Email Marketing

This project uses Q Learning based Reinforcement Learning agent to predict optimal time for sending multiple category emails to different type of users

Introduction

For email campaign, the traditional problem is to personalize email to clients. The problem could be divided into several sub problems including but not limiting to finding most effective time period to send the email, personalize the content of the email depending on feature extracted from client. One way to approach this problem is to observe the patterns of interactions people have with emails and try to depict their behavior. A stream of interactions occurs between the company and each customer, including actions from the company (such as emails) and actions by the customer (such as registering to advertised campaign). Understanding user decisions is a problem gaining increased interest in today’s research. Mining behavior patterns has been used to discover users that share similar habits and using sequential patterns to learn models of human behavior has been employed in lifestyle assistants to increase the life quality of elderly people. Research has been done to automate different aspects of campaigning problem using Reinforcement Learning.

In this report we simulate the user behaviour to email campaigns and try to build a Reinforcement Learning agent that would optimize email campaigns by analysing category of email and time at which email was sent. The agent performs well on simulated data, it is able to find times when it is optimal to send email to users, it also categorize the users into campaigns that they respond to positively.

Reinforcement Learning

Reinforcement learning (RL) is a branch of machine learning which allows agents to interact with the environment by sequentially taking actions and observing rewards to maximize the cumulative reward. Figure below can be used to understand general flow of RL system. The agent takes action A_t which effects the environment. The environment than generates the next state S_t+1; which could depend upon action performed A_t and current state of the system S_t; and the reward R_t for the agent. The agent based on the feedback provided by the environment decides which action to perform next. This action feedback loop continues until certain condition is satisfied. Environments play an important role in RL systems, generally we generate simulations of actual environment to train the agent. Factors taken into account when simulating the environment decides how well the agent performs in real scenerios. Environments in RL domain are typically divided into two categories: episodic and continuing environments. In an episodic environment, the interaction sequence eventually terminates, at which point the environment resets and a new interaction sequence begins; whereas in continuing environments, there is a single interaction sequence that never terminates.

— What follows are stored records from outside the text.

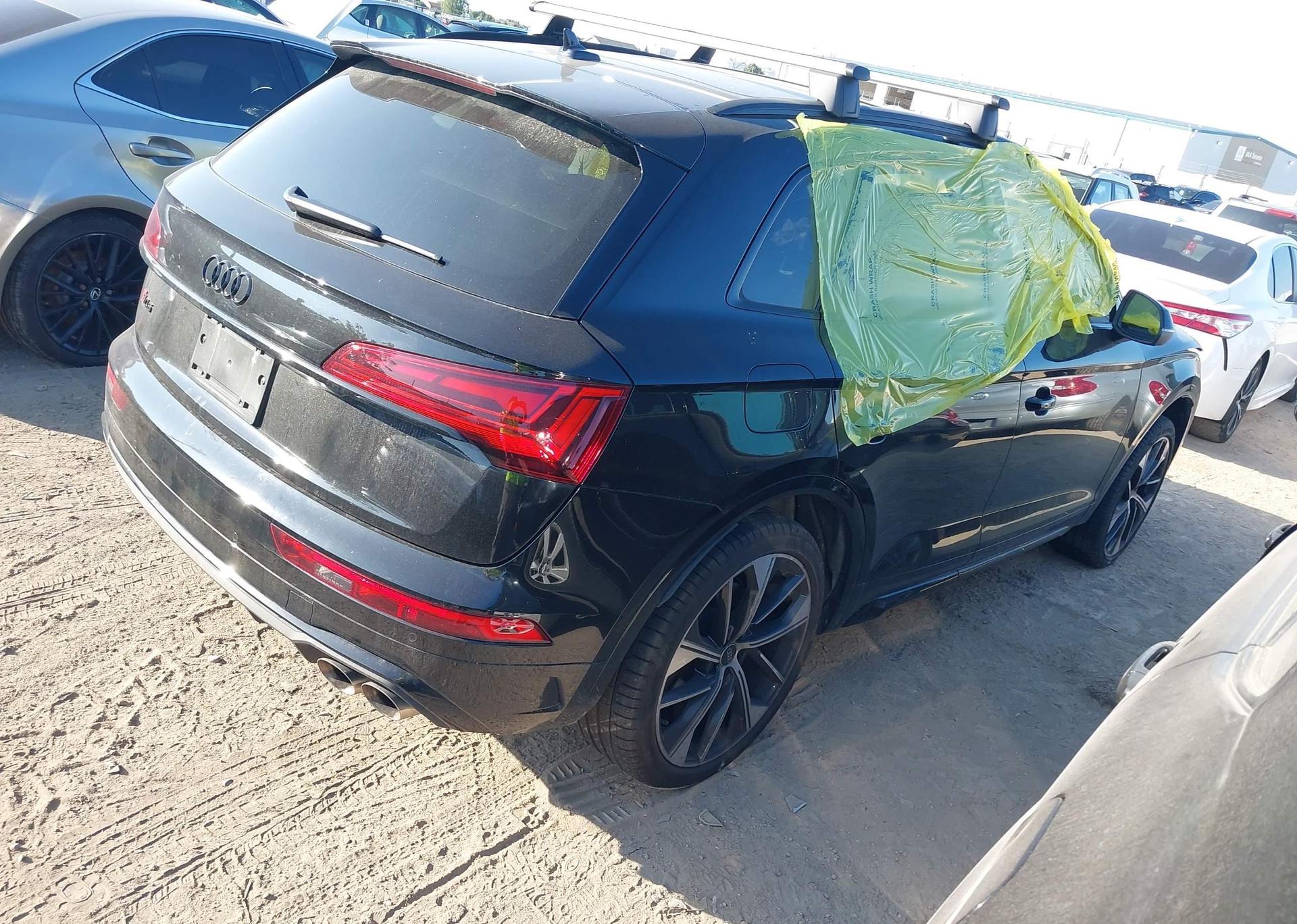 2023 AUDI SQ5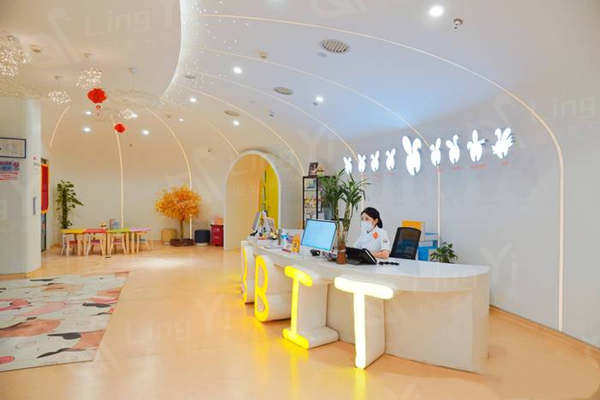 西安小白兔口腔医院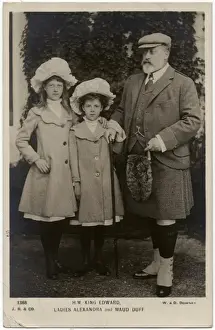 Edward Vii / G-Daughters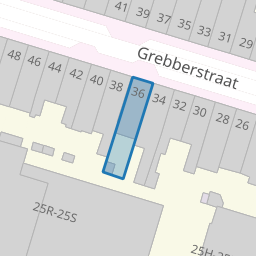 Perceel HLM01-A-2722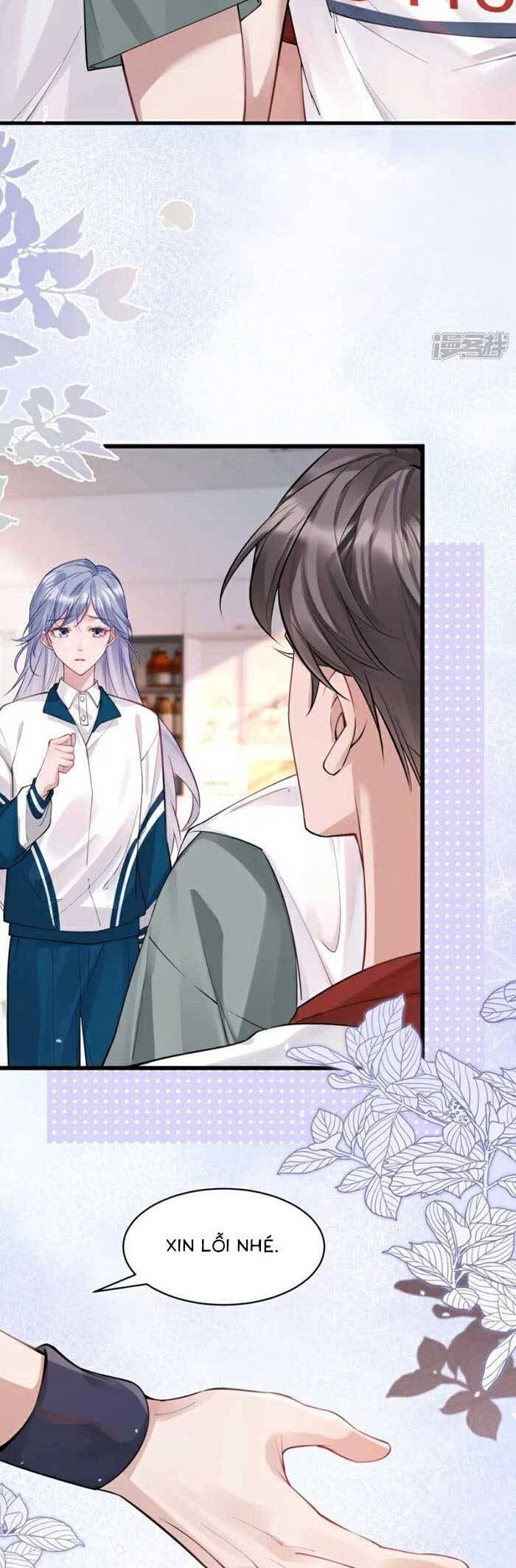 Bí Mật Nhỏ Của Ngỗng Trắng Chapter 15 - Trang 10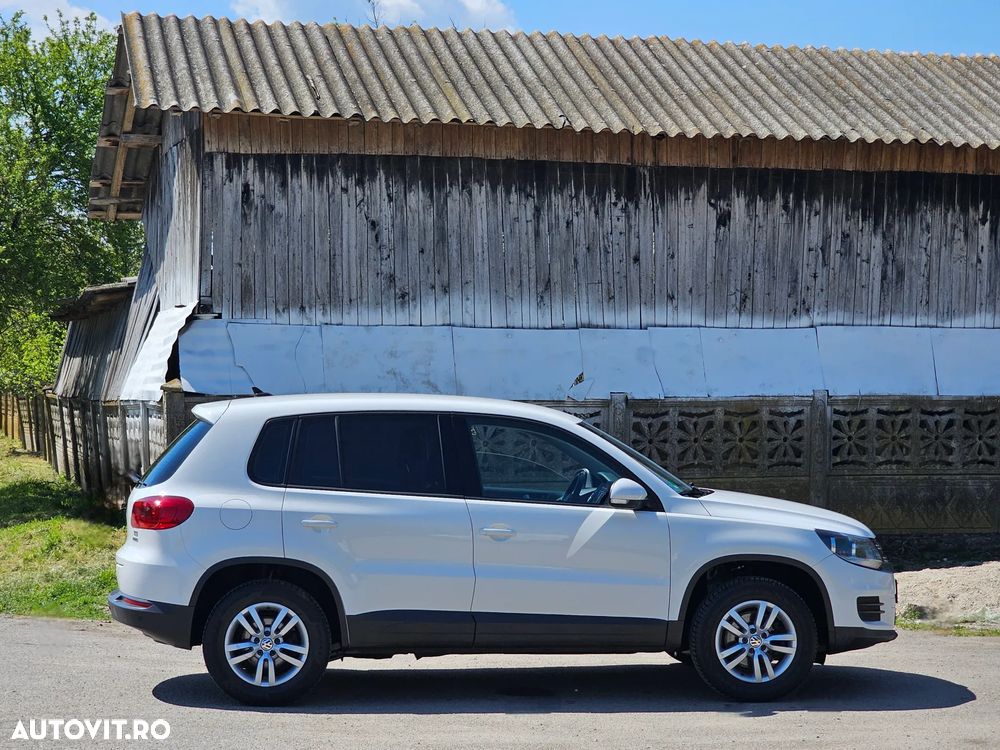 Volkswagen Tiguan 1.4 TSI BlueMotion Technology CityScape - 11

Fig 1: Basic Reinforcement Learning flow

RL problems can be modeled as Markov Decision Process (MDP), MDP is defined as a tuple (S, A, R, P). Where $\textbf{S}$ represents the state space. $\textbf{A}$ represents the action space, $\textbf{R}$ is the immediate reward, and $\textbf{P}$ is the state transition dynamics. For a certain process there exists a policy $\pi$ on $\textbf{A}$ . The agent moves through the state space according to the actions provided by the policy. The set (s $_{i}$ ,a $_{i}$ ,r $_{i}$ ), state, action and its reward that agent follows is known as trajectory of the agent. The equation below is used to represent optimal policy for RL systems.

$\begin{gather*} \pi^{*} = \text{arg max}_{\pi} E[\sum^{\infty}_{t=0}\gamma^{t}r_{t}| \pi] \end{gather*}$

Here $\gamma$ [0,1) is called the discount factor. The value of $\gamma$ determines the affect of future states on current state. If value of $\gamma$ is close to 0, the future states have little or no affect, whereas if the value is close to 1 future states have same affect as states close to the current state. The other term inside summation is , it represents the reward achieved by agent at time step t, by following policy $\pi$ . Summation over terms described above represents one of the trajectories followed by agent under policy $\pi$ . The goal of the RL algorithms is to learn an optimal policy $\pi^{*}$ which maximizes the expected return from the initial state.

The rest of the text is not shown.